Suasana TPS Khusus di Lapas Kelas III Lhoknga, Kabupaten Aceh Besar, Aceh, saat Pemilu 2024. (IDN Times/Mhd Saifullah)

Teras samping perpustakaan hari itu didekor menyerupai ruangan tanpa dinding. Hanya memanfaatkan tali rafia sebagai pembatas. Meja disusun memanjang di beberapa titik, ada pula yang membentuk L.

Empat bilik dari karton bertuliskan KPU Pemilu Tahun 2024 berdiri sejajar di atas meja. Masing-masing bilik memiliki ukuran lebih kurang 40 sentimeter setiap sisinya. 

Tak sampai tiga langkah dari bilik, lima kotak suara berjejer. Ukurannya lebih tinggi dari bilik. Setiap kotak diberi label warna, abu-abu untuk pemilihan Presiden dan Wakil Presiden, merah DPD RI, kuning DPR RI, biru DPRD Provinsi, serta hijau DPRK Kabupaten/Kota.

Petugas KPPS terlihat menanda nama-nama yang telah menyerahkan Model C Pemberitahuan-KPU. Warga binaan yang duduk di kursi antrean dipanggil satu per satu. 

“Safwan!” Panggilan dilontarkan salah seorang petugas KPPS di TPS Khusus Lapas Kelas III Lhoknga. “Empat pemilihan, sesuai NIK tidak ada DPRK,” timpal petugas itu lagi.

Pria berusia 68 tahun warga Kota Banda Aceh itu langsung menghampiri meja petugas KPPS. Ia menerima surat suara warna abu-abu, merah, kuning, dan biru. 

Safwan memang tidak bisa menerima surat suara warna hijau atau untuk pemilihan DPRD Kabupaten/Kota. Sebab sesuai identitas, napi kasus korupsi itu berdomisili di Kota Banda Aceh, sedangkan lapas tersebut di Kabupaten Aceh Besar.

“Saya tidak bisa memilih DPRK. Saya hanya bisa memilih empat,” ucap Safwan.

Yusnidar seorang narapidana kasus penipuan juga mengalami hal serupa. Perempuan berusia 53 tahun ini hanya bisa memberikan hak suaranya untuk empat jenis pemilihan.

Walau tidak bisa memberikan pilihan untuk wakil di DPRD Kota Banda Aceh, namun Yusnidar tetap bersyukur masih bisa berpartisipasi dalam pemilu. Sebab ada beberapa warga binaan tidak bisa memilih pada 14 Februari 2024.

“Karena warga binaan merupakan rakyat Indonesia juga,” kata napi asal Banda Aceh itu, Kamis (14/2/2024).

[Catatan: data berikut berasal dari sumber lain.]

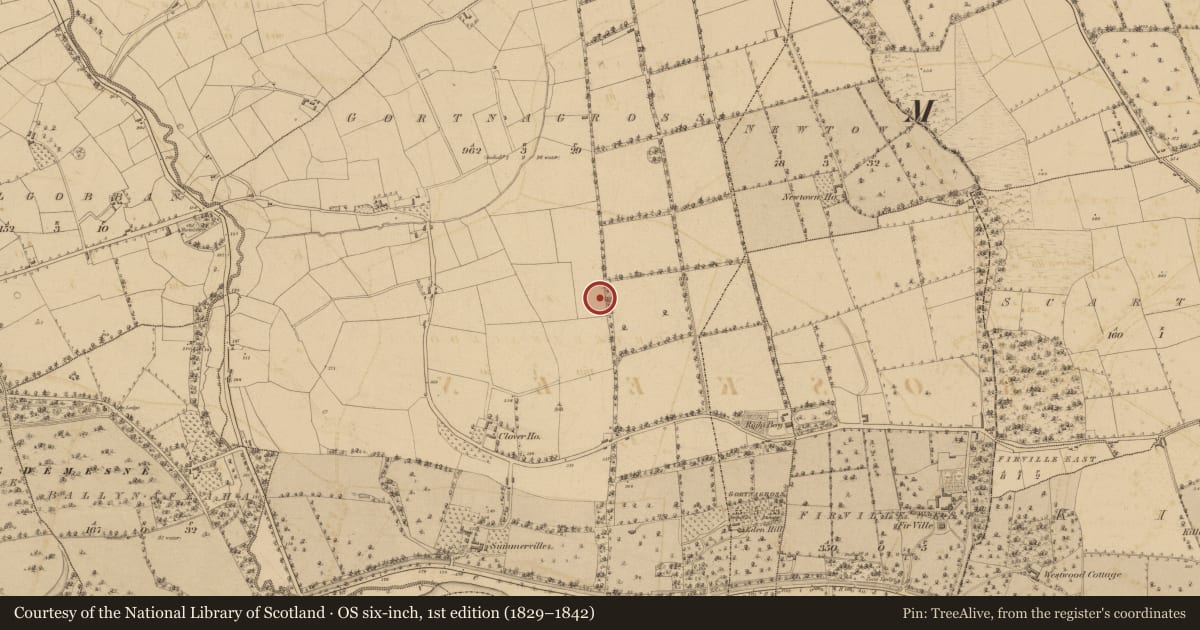 Ordnance Survey six-inch map, 1st edition (1829–1842) covering the location of Fulacht fia, Gortnagross (Duhallow By., Ballyclogh Par.), County Cork, with a pin at the register's coordinates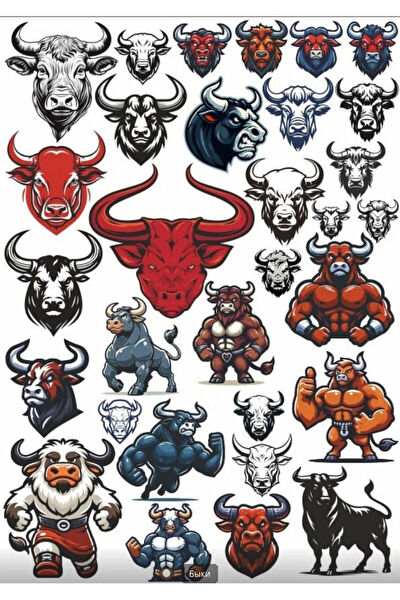 Reysa Tasarım Etiket, Sticker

Jumlah warga binaan pemasyarakatan yang ada di Lapas Kelas III Lhoknga adalah 303 jiwa. Namun yang bisa memberikan hak pilih hanya 250 orang. Sedangkan tidak bisa memilih sekitar 53 orang.

Kepala Lapas Kelas III Lhoknga, Bambang Setiawan mengatakan, rata-rata warga binaan yang tidak bisa memilih adalah mereka tak memiliki nomor induk kependudukan (NIK) dan tahanan baru.  

“Jadi kami sudah berkoordinasi dengan KIP. Warga binaan ada yang keluar dan ada juga yang masuk,” kata Bambang, Kamis (14/2/2024).

Sementara itu, Kepala Divisi Pemasyarakatan Kantor Wilayah (Kanwil) Kementerian Hukum dan Hak Asasi Manusia (Kemenkumham) Aceh, Yulius Sahruzah mengatakan, jumlah warga binaan yang bisa memilih ada 7.348 dari 7.870 orang penghuni keseluruhan.

Warga binaan yang masuk Daftar Pemilih Tetap (DPT) 4.759 orang, Daftar Pemilih Tambahan (DPTb) 2.574 orang, dan Daftar Pemilih Khusus (DPK) 15 orang. Mereka tersebar di 17 lapas, delapan rutan, dan satu Lembaga Pembinaan Khusus Anak (LPKA).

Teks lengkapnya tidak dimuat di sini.